-------- Information --------

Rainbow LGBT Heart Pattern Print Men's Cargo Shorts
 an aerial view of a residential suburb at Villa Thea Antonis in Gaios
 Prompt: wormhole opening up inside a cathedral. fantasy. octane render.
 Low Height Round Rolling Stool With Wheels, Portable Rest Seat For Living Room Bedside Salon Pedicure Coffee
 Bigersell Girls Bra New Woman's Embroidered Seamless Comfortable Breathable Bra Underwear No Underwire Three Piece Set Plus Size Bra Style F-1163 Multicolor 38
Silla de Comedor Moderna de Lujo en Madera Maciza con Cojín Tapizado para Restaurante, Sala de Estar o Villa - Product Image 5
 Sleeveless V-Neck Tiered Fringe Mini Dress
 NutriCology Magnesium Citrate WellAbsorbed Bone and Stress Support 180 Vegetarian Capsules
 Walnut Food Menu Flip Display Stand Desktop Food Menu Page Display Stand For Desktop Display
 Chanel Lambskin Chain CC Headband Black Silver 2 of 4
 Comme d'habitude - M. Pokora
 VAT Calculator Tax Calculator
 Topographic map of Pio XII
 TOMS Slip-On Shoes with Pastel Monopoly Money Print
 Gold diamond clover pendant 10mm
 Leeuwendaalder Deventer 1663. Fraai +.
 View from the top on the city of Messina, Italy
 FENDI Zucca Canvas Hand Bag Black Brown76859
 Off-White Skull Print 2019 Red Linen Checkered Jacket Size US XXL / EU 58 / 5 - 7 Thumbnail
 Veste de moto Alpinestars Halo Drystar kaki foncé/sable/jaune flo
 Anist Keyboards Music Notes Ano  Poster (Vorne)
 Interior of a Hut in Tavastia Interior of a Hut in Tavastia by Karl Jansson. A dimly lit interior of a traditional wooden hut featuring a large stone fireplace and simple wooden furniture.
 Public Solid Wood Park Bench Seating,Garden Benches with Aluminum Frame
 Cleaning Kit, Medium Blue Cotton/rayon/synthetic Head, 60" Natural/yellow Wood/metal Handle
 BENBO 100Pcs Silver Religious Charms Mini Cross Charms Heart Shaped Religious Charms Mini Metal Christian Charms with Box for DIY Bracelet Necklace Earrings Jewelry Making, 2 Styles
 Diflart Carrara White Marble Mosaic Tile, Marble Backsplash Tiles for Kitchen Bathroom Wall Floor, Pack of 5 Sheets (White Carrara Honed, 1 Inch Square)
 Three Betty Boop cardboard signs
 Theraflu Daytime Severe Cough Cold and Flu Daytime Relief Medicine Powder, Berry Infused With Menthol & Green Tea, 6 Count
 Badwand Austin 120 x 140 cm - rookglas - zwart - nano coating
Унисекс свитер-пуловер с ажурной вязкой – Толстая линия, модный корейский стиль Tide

--------

» **Work request**
Using the entries above, extract exactly the span from the line with "BENBO 100Pcs Silver" to the line with "Badwand Austin 120", both lines included; leave out everything else.

» **The completed task**
 BENBO 100Pcs Silver Religious Charms Mini Cross Charms Heart Shaped Religious Charms Mini Metal Christian Charms with Box for DIY Bracelet Necklace Earrings Jewelry Making, 2 Styles
 Diflart Carrara White Marble Mosaic Tile, Marble Backsplash Tiles for Kitchen Bathroom Wall Floor, Pack of 5 Sheets (White Carrara Honed, 1 Inch Square)
 Three Betty Boop cardboard signs
 Theraflu Daytime Severe Cough Cold and Flu Daytime Relief Medicine Powder, Berry Infused With Menthol & Green Tea, 6 Count
 Badwand Austin 120 x 140 cm - rookglas - zwart - nano coating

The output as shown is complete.